L'excuse du colonialisme est celle vers laquelle se dirigent invariablement certains - toujours les mêmes - qui ne veulent voir que des causes exogènes au retard de développement du monde musulman, et non - aussi - intrinsèques à son mode de pensée et de fonctionnement.
Ne voir que des causes exogènes est un aveuglement. Ne voir que des causes endogènes est une ignorance.
Pour rappel, le retard du monde musulman, son lent immobilisme-déclin, ne date pas du colonialisme. Celui n'a fait que le mettre en exergue de manière brutale par le choc de la confrontation avec l'Occident. Le début du déclin du monde musulman est à chercher bien plus avant, et se situe au tournant du 13ème siècle, à la fin des croisades et des invasions tatares. Aamin Maalouf l'a bien mis en évidence dans plusieurs de ses ouvrages, et il n'est pas le seul. Le monde musulman s'est progressivement "arrêté de penser", a déclaré fermées les portes de l'Ijtihad (sauf celui de consensus), achevée l'interprétation du Coran, et s'est contenté de vivre alors en gros selon un moule social établi une fois pour toutes, et déclaré immuable. L'hostilité à l'Occident lui a aussi fait se désintéresser des progrès scientifiques émanant d'Europe et se replier sur lui-même, perdant toute curiosité intellectuelle pour ce qui n'était pas islamique.

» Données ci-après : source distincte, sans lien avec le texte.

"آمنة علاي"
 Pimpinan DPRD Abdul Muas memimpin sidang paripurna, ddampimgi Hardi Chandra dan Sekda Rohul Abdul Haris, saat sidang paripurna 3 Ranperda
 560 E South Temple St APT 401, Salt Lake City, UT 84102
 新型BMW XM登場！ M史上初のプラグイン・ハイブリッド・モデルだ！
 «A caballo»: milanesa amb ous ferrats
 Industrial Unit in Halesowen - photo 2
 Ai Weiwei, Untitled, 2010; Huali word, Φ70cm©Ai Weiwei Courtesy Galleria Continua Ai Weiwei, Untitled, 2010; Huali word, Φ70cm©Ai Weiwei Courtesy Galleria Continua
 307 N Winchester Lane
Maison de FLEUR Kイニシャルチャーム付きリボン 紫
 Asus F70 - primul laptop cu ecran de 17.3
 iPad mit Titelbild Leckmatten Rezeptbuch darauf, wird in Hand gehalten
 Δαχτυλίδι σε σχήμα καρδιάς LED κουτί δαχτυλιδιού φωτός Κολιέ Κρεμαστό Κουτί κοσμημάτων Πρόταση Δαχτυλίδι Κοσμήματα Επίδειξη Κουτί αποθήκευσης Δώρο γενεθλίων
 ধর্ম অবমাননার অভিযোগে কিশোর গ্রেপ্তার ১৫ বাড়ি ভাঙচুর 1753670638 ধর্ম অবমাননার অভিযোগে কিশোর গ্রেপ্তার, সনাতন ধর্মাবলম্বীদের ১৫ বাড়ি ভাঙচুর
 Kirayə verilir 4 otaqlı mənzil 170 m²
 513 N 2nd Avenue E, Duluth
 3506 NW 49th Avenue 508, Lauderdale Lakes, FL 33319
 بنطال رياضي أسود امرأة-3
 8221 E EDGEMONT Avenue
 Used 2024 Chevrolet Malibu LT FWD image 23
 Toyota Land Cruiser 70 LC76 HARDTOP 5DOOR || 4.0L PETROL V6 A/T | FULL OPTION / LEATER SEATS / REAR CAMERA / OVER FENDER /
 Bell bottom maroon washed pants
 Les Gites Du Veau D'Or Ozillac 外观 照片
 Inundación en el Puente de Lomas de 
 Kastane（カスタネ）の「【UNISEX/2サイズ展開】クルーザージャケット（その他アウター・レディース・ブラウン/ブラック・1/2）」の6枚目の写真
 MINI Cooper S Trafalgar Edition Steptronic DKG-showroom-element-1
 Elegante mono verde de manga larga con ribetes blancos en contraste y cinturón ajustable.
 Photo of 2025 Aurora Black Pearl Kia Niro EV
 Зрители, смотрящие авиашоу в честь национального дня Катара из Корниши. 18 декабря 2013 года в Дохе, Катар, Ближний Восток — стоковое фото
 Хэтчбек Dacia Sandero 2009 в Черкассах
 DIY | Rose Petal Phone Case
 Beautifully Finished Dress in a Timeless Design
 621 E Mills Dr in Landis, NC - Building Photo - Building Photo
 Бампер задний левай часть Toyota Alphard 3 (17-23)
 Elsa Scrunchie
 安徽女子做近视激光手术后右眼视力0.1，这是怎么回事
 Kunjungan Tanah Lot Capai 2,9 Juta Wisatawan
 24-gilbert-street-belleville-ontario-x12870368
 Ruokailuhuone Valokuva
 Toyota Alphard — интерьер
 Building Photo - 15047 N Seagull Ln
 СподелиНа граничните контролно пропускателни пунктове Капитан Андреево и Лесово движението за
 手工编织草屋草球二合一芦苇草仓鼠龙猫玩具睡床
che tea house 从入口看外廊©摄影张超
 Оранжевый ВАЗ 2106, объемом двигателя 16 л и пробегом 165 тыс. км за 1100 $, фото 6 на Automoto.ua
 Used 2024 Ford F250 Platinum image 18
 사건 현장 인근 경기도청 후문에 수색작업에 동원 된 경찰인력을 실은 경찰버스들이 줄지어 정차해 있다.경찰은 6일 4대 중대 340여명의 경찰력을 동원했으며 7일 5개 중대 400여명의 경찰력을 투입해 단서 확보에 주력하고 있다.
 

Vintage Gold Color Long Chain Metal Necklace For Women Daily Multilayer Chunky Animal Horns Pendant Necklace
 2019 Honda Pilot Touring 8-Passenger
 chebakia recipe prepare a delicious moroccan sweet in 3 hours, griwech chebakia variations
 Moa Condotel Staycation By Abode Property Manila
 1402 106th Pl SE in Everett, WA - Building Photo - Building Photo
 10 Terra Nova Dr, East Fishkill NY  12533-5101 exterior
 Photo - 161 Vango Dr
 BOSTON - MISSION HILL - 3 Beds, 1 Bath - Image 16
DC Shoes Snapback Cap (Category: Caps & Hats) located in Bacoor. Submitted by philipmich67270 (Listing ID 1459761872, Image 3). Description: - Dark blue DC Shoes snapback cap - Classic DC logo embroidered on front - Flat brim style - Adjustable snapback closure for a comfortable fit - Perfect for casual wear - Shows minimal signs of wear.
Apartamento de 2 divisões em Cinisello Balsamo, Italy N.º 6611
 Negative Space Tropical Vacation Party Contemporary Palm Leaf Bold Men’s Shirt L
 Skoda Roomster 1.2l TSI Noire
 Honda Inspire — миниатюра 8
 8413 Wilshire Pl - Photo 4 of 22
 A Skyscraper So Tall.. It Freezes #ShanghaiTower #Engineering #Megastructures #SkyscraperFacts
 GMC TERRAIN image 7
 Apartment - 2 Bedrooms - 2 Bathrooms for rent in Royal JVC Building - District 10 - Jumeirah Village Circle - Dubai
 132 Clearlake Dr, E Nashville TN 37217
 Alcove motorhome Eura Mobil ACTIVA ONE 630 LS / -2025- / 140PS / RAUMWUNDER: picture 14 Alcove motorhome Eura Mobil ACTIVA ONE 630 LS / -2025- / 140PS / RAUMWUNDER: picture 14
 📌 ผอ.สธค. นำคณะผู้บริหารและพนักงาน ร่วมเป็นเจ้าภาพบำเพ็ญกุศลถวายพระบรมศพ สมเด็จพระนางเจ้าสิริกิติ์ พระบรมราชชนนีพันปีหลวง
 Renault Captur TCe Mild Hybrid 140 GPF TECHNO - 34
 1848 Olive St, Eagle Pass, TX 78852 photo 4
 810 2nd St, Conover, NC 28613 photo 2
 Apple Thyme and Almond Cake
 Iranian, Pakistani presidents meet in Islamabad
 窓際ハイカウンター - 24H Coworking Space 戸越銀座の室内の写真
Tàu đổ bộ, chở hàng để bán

Si l'on analyse les conditions de l'essor intellectuel de l'âge d'or musulman, du 8ème au 11ème siècles, on constate que les effets exactement inverses étaient socialement présents: ouverture intellectuelle, ardents débats théologiques, acquis de savoirs extérieurs, échanges et curiosité. Bref tout l'inverse de la structure sociale qui s'est installée par la suite et a perduré jusqu'au choc de la rencontre avec l'Occident.